In comparison, Ragdolls are a much younger breed. They were first introduced in the mid-1960s by Ann Baker of Riverside, California. She believed that the “ragdoll” nature of the kittens from a half-feral Persian cat called Josephine was a result of genetic modification during surgery following a car accident.
Both Ragdolls and Siberians are sociable and friendly companions for families with or without children. Their sociability varies, though. Where Ragdoll cats will cling and follow you everywhere or happily relax in your arms, Siberian cats are more independent. Neither breed is one that you want to leave alone for too long, though.
Their energy levels differ too. While Siberian cats are more territorial and will solve all types of problems, like getting into the food cupboard, your Ragdoll will prefer to take a nap.
Ragdoll and Siberian cats are from two very different regions. With its harsh weather, Siberia requires a sturdier build to survive, so Siberian cats have a thick, three-layer coat to keep them warm in cold temperatures. The Ragdoll, with their lack of an undercoat, don’t handle the cold nearly as well as their Siberian cousins.
In fact, unlike the outdoorsy Siberian, Ragdolls are more suited to staying at home as dedicated house cats.
While both breeds are highly sought after and rather low in numbers in the U.S.A., Siberian cats are usually more expensive. From a reputable breeder, you can expect to spend anywhere between $1,200 and $4,000 for a Siberian cat, compared to the $800–$2,000 average for Ragdoll kittens.
Which Breed Is Right for You?
Choosing between a Siberian cat and a Ragdoll cat depends on your lifestyle. They’re both sociable and friendly, loving attention as much as they like to curl up for a nap while you watch TV. To make the right choice, you should carefully consider their differing activity levels before purchasing either breed.

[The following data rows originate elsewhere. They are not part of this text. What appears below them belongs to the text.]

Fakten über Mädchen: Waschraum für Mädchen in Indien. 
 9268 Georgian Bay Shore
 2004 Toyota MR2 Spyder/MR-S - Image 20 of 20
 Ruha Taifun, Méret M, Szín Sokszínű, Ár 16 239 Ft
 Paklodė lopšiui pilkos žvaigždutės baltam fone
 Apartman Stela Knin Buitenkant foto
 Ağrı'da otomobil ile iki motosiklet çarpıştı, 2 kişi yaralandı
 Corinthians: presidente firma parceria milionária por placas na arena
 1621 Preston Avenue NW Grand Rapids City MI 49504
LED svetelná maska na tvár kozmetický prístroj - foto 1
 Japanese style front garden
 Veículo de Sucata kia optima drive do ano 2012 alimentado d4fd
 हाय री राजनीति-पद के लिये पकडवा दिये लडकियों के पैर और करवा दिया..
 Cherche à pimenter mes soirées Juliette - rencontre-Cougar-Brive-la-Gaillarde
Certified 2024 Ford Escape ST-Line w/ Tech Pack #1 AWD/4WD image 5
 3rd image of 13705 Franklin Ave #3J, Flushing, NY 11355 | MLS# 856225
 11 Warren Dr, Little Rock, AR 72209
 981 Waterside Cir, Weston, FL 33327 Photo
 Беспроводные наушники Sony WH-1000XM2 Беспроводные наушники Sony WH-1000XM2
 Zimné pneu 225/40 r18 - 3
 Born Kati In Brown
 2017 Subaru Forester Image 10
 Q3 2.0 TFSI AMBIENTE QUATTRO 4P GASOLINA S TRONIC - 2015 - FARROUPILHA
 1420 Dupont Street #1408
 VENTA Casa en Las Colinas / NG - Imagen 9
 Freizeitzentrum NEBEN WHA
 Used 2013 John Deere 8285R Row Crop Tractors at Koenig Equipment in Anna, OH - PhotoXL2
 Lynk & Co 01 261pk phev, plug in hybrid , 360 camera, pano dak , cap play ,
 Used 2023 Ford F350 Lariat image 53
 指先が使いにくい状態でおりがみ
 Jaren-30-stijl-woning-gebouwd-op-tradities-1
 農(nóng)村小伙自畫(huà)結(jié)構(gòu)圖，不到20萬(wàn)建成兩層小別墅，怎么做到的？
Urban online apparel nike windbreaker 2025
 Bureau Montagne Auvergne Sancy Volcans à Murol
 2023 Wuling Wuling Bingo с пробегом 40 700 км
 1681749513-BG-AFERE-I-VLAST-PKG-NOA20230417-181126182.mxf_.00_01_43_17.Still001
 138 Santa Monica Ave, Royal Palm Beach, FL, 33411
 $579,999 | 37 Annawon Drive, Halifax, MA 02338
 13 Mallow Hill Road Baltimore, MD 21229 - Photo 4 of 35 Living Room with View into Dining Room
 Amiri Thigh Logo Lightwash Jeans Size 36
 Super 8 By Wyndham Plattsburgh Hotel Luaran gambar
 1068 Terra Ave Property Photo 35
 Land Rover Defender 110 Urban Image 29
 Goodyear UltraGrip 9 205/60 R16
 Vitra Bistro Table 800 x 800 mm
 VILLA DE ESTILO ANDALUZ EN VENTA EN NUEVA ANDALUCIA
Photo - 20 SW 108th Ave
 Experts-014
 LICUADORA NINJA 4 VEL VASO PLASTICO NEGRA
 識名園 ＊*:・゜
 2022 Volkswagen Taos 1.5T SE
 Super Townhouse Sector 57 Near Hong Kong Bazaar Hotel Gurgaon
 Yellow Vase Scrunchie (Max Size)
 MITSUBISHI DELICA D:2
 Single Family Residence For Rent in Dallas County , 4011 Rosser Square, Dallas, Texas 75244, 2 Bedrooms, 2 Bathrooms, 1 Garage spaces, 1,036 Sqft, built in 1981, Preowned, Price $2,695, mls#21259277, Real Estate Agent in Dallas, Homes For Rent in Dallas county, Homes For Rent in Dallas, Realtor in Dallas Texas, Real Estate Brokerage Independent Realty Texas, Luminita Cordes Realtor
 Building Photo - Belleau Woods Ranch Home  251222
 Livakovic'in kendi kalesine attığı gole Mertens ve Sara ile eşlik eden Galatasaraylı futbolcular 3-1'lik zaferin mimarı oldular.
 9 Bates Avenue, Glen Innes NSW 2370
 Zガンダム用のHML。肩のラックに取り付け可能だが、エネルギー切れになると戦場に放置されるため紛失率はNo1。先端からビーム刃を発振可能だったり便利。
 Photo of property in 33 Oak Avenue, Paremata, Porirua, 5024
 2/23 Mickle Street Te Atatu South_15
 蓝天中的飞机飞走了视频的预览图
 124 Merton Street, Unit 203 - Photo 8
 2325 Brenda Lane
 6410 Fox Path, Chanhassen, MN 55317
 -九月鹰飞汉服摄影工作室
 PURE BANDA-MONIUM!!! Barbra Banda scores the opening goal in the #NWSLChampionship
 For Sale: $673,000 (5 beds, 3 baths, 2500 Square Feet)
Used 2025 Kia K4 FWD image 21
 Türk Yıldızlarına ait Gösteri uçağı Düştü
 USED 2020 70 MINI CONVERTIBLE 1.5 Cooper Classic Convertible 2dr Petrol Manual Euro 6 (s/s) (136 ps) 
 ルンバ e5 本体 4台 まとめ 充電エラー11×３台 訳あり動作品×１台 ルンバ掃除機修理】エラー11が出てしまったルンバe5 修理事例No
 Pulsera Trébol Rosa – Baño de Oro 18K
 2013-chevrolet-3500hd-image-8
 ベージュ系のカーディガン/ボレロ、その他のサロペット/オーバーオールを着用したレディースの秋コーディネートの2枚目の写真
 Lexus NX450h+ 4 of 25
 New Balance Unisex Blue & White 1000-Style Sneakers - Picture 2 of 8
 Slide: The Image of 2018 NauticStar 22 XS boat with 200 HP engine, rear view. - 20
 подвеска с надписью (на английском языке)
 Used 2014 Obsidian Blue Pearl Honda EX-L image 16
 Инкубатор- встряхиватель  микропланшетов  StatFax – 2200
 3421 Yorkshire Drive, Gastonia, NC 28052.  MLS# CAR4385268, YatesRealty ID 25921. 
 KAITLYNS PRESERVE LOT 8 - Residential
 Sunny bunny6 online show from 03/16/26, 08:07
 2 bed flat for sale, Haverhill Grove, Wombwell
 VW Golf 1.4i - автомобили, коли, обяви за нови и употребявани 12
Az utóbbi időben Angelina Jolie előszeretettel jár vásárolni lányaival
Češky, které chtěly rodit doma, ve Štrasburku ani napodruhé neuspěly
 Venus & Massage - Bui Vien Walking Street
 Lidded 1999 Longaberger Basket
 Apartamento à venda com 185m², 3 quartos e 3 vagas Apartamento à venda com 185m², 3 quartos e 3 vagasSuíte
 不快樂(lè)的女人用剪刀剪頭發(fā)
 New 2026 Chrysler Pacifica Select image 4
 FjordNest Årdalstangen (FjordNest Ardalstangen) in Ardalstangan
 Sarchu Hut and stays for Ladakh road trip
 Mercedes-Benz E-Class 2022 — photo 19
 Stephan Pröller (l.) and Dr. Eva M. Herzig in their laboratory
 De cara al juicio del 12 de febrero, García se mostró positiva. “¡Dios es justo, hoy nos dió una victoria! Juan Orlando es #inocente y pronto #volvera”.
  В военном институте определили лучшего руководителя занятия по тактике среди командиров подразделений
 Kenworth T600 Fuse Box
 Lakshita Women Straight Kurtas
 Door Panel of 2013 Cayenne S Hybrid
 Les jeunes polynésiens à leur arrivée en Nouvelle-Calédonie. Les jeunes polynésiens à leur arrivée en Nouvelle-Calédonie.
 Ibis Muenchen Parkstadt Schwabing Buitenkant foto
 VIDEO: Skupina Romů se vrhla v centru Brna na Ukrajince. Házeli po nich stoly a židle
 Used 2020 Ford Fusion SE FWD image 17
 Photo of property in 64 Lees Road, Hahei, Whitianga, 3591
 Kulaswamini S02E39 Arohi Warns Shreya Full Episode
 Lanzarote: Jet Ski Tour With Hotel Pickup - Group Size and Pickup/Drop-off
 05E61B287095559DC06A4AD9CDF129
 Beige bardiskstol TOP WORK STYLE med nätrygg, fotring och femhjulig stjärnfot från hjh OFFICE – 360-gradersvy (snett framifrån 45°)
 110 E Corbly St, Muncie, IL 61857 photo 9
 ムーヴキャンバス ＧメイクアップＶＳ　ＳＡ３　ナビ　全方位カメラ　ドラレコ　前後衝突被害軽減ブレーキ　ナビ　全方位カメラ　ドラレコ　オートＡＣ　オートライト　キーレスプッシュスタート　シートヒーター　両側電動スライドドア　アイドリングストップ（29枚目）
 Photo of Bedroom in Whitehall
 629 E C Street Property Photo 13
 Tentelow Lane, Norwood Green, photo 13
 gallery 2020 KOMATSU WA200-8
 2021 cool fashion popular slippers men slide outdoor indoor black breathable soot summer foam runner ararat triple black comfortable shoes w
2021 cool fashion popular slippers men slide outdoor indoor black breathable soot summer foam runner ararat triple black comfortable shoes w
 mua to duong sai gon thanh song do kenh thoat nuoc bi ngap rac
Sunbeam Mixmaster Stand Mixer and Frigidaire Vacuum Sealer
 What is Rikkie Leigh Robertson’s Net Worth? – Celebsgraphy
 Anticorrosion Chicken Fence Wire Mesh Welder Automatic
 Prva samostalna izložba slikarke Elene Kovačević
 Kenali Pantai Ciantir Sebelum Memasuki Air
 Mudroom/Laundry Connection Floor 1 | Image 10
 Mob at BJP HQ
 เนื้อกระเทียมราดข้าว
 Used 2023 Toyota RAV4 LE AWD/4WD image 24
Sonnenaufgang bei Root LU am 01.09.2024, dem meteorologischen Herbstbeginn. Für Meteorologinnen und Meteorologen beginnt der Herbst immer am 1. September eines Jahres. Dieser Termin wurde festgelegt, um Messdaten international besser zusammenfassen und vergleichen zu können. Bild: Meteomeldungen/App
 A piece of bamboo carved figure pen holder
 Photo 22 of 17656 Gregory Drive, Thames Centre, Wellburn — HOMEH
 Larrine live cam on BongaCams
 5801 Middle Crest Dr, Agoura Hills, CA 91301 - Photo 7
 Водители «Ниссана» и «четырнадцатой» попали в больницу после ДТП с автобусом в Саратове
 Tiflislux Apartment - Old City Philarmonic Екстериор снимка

Siberian cats are athletes. They’ll launch themselves after prey and to the top shelf of your bookcase with barely a second thought. While they will curl up next to you after a long day, they’re the sort of cat that keeps moving. They will keep you moving too, even after you’re exhausted, as they’re lovers of playtime.
Ragdoll cats have a more sedate lifestyle. They’ll play just like their Siberian cousins but not to the same extent. They much prefer relaxing in the sun to tearing around the house. As fans of hugs, they’ll stick close by, while your Siberian kitty will prefer time to themselves.
Hopefully, this guide has helped you decide whether Siberian cats or Ragdoll cats are better suited for your home. Whichever you choose, your newest family member is bound to brighten your day.